The government accused S&P of deliberately misstating the risks of mortgage bonds, whose collapse helped trigger the credit crisis. McGraw-Hill climbed for a third day, rising 0.2 percent to $44.95 in New York trading. The stock had lost as much as 27 percent this month, wiping out $4.4 billion of market value. Yields on its $800 million of outstanding bonds rose as much as 0.9 percentage point since the lawsuit.
“Rating agencies damaged their brands in 2008 and now it is having consequences,” said Mat McCrum, investment director at Melbourne-based Omega Global Investors Pty, which manages A$3 billion ($3.1 billion). “They tried to get as much cash flow from their brand at the long-term expense of the value of the brand.”
‘Touch of Irony’
Jason Feuchtwanger, a spokesman for the McGraw-Hill, said in an e-mail: “We are focused on standing up McGraw-Hill Financial, a high-growth, high-margin company that produces solid free cash flow. Overall, we have a strong balance sheet and we intend to maintain it going forward.”
The company said in a Feb. 5 statement that the U.S. lawsuit is without merit.
Moody’s downgrade of McGraw-Hill is “a touch of irony,”Jim Reid, a strategist at Deutsche Bank AG in London, said in a client note.
The rating cut follows the U.S. seeking fines from McGraw-Hill of the equivalent of more than five years of profit.
McGraw-Hill agreed to sell the education unit to Apollo Global Management LLC for $2.5 billion in November. After the divestiture, adjusted earnings at the remaining division, to be named McGraw Hill Financial, will be $3.10 to $3.20 a share this year, the firm forecast Feb. 12, an increase of at least 13 percent from 2012. McGraw-Hill plans to retire about $457 million of short-term debt with the $1.9 billion it gets from the sale.
Improving Liquidity
McGraw-Hill is focusing on higher-margin businesses including its S&P bond-rating unit while repurchasing stock to raise earnings per share, according to a company statement on Feb. 12. It will swing to a net cash position from about $495 million of debt, according to data compiled by Bloomberg.

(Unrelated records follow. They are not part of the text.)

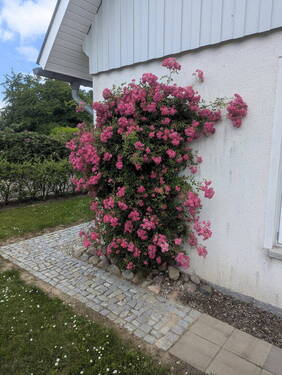 Bild 8 - 
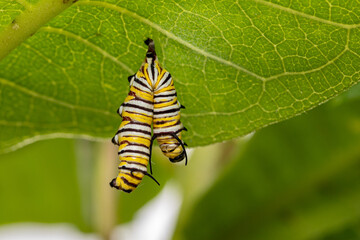 Monarch butterfly caterpillar dead from Tachinid fly parasitic infection. Insect and nature conservation, habitat preservation, and Monarch butterfly preservation concept.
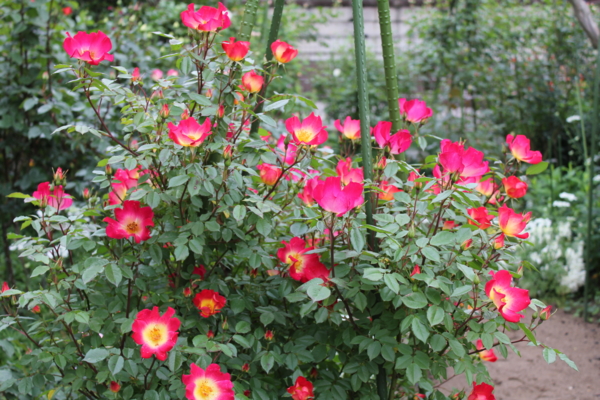 f:id:mio20100501:20110530073042j:image:w360:left f:id:mio20100501:20110530073042j:image:w360:left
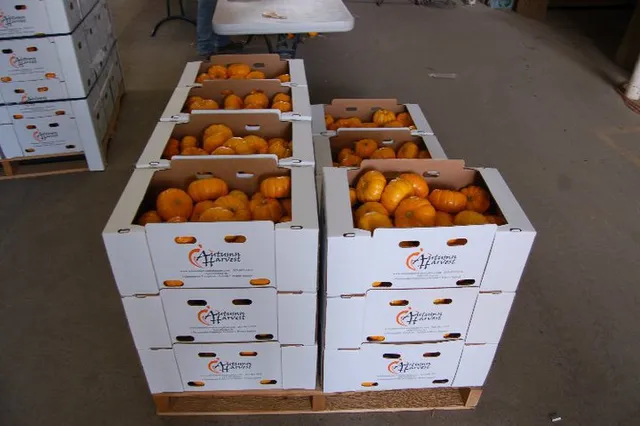 Autumn Harvest Pumpkins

“The company’s liquidity position will improve meaningfully” on completion of the education unit’s sale as McGraw-Hill repays commercial paper borrowings with the net proceeds and maintains a “sizable” cash balance, Moody’s analysts John E. Puchalla and John Diaz said in the statement.
Lawmakers targeted the credit-grading business in the 2010 Dodd-Frank Act after the collapse of top-ranked mortgage-backed securities contributed to $2.1 trillion in losses at the world’s largest banks. Reports from the U.S. Senate Permanent Subcommittee on Investigations and the Financial Crisis Inquiry Commission cited failures by S&P, Moody’s and Fitch Ratings as a cause of the financial crisis, which began in August 2007.
Fitch Downgrade
S&P rated more than $2.8 trillion of residential mortgage-backed securities and about $1.2 trillion of collateralized-debt obligations from September 2004 through October 2007, according to the complaint filed in federal court in Los Angeles.
The collapse in value of securities that packaged home loans from the riskiest borrowers led to a credit seizure starting in 2007 that sent the world’s largest economy into its longest recession since 1933 as defaults soared and home values plummeted.
Bond and credit-default swap prices for McGraw-Hill imply a Baa3 rating for the company, one step lower than the new grade, according to Moody’s Corp.’s capital markets research group. The New York-based company is the parent of the second-largest ratings business.
Fitch downgraded McGraw-Hill’s debt rating one level to BBB+ from A- on Feb. 7, citing the lawsuit filed by the Justice Department and the potential for more suits against the company as well as the potential impact they may have on S&P’s operations. S&P ranks Moody’s at BBB+, three levels above speculative grade.
“It’s like the ratings companies are eating each other,”said Ayako Sera, a market strategist at Sumitomo Mitsui Trust Bank Ltd., which manages about $163 billion in assets. “What’s being questioned now is the very reason for the existence of these agencies.”